- [WHAT TO DO]:
Locate the line that contains "A loaf of chocolate". Print it and each following line through the end of the listing, verbatim, and nothing more.

=== Section Start ===

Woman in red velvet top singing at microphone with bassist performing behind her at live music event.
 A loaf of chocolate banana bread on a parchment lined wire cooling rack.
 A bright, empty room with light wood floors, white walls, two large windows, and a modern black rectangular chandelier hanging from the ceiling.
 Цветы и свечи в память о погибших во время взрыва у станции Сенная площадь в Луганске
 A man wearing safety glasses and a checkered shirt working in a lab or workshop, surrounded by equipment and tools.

=== Section End ===

- [SOLUTION TO THIS TASK]:
 A loaf of chocolate banana bread on a parchment lined wire cooling rack.
 A bright, empty room with light wood floors, white walls, two large windows, and a modern black rectangular chandelier hanging from the ceiling.
 Цветы и свечи в память о погибших во время взрыва у станции Сенная площадь в Луганске
 A man wearing safety glasses and a checkered shirt working in a lab or workshop, surrounded by equipment and tools.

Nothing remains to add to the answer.